Preachers, strippers and the Word of God

Gilda

Harvey Weinstein was just the beginning.  Now NPR’s Senior Vice president for news, Michael Oreskes, has resigned in the wake of allegations of sexual harassment.  And I just learned that production of House of Cards has been suspended until Kevin Spacey’s alleged sexual abuse of two adolescent males can be investigated.

All these stories feature a man in a position of power taking advantage of people who, thanks to poverty, the need of a job, or simple immaturity, aren’t in a position to say no.

Money drives a host of social transactions that are often viewed as consensual.

In an important Atlantic article, Brit Marling mulls the fraught connection between sex, power and professional advancement.

Weinstein was a gatekeeper who could give actresses a career that would sustain their lives and the livelihood of their families. He could also give them fame, which is one of few ways for women to gain some semblance of power and voice inside a patriarchal world. They knew it. He knew it. Weinstein could also ensure that these women would never work again if they humiliated him. That’s not just artistic or emotional exile—that’s also economic exile.

Back in 1999 I started writing a novel I never published. I called it Stirring up the Stars and it featured a preacher named John and a stripper named Maggie.

Maggie dresses like Rita Hayworth in Gilda because that’s the image she wants to project.

When John walks into the Toy Box Maggie recognizes him as the guy who preached the funeral if a former patron.  It helped that he was still wearing his “hi, my name is John” sticker he was wearing at the pastors meeting he had earlier left in disgust.

I  didn’t have much trouble getting into the preacher’s head, but I had never considered how it feels to be a stripper.  Who cares how strippers feels?  Well, when I started inventing my character, I had to care.

In one scene, Maggie tells John that they have similar jobs.  “People pay us good money to tell them they’re wonderful.  And the better we are at making people feel good, the more money we make.  It isn’t really about sex, or about God; it’s about saying whatever it takes to keep the customers coming back for more.”

Maggie has a point.  Preachers who reinforce the settled convictions of their people are celebrated; those who tell stories no one wants to hear quickly find themselves looking for another church.

And preachers who lose a church become social lepers with little cachet in the ecclesiastical market place.  Preachers who have never been driven into the outer darkness try not to think about the economics of pastoral life, but some of us don’t have that option.

What do preachers do when a message from God is burning in our bones, and the message is guaranteed to rile the faithful? The fire in Jeremiah’s bones got so hot he had to speak his fiery truth lest he die.

Prophets were not, are not, popular people.

Preachers have a certain power at their disposal, of course.  A few parlay their prestige into seven-figure incomes, but that’s rare.

Pastors are powerful because we get close to people.  Too close, sometimes.  Religious professionals who take advantage of a parishioner’s vulnerability are easy to hate; but the manipulative dynamic works both ways.

In every congregation there are a handful of people the preacher must please in order to survive.
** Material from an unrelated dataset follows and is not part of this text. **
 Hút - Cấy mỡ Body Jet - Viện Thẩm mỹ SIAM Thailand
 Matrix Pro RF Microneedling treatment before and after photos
You don’t know who they are until you’ve been in the pulpit for six months, but they make their presence known.    Some of them are saintly folk, but they can be terribly troubled and vindictive souls lurking behind a facade of holiness.

You dare not tell these people what’s in your heart and on your mind.

We need to pay more attention to the economic realities that keep the fire shut up in our preachers’ bones until it consumes them from the inside.  Because, when that happens, the entire congregation gets burned.

3 thoughts on “Preachers, strippers and the Word of God

  1. A moving post. “Stirring up the Stars” may deserve some more attention. I have a fire kindling in my bones re: “Our Black Cousins.” Regularly a black DNA cousin shows up in my genealogical research. Virtually every white person with deep roots in the Antebellum South has black cousins as a result of “consensual” sex between a white slave owner or slave owner’s son and a vulnerable female slave. It’s good that ancestry.com and similar programs are bringing DNA kinship to light. Maybe we can recognize that really we are all one family, and maybe even have a family reunion.Too much to hope for? Too much to pray for?

  2. I suspect that the fire shut up in preachers’ bones is nothing more than the human need to control others or, at least, the need to have impact on others. And then, of course, there is the economic dimension to the dance of the preacher and the parishioner. For a long time, it has seemed to me the preacher lives on the proverbial razor’s edge. I do not envy them.

  3. The comparison is fascinating and, yes, given the revelations of sexual abuse by powerful people in many walks of life [saw another article in journalism; in my field of hospitality I’m certain there are cases].

    You have spent so much of your life advocating for people unjustly treated that perhaps it’s time given the abuse of power by powerful men, to talk with prostitutes and strippers and revisit the book and the issues. Fiction based on fact is a powerful way of helping many think.

    …,
    But please don’t have John wear his name badge: we in the meetings profession work hard to ensure no one wears a name badge out of the meeting venue..for safety’s sake!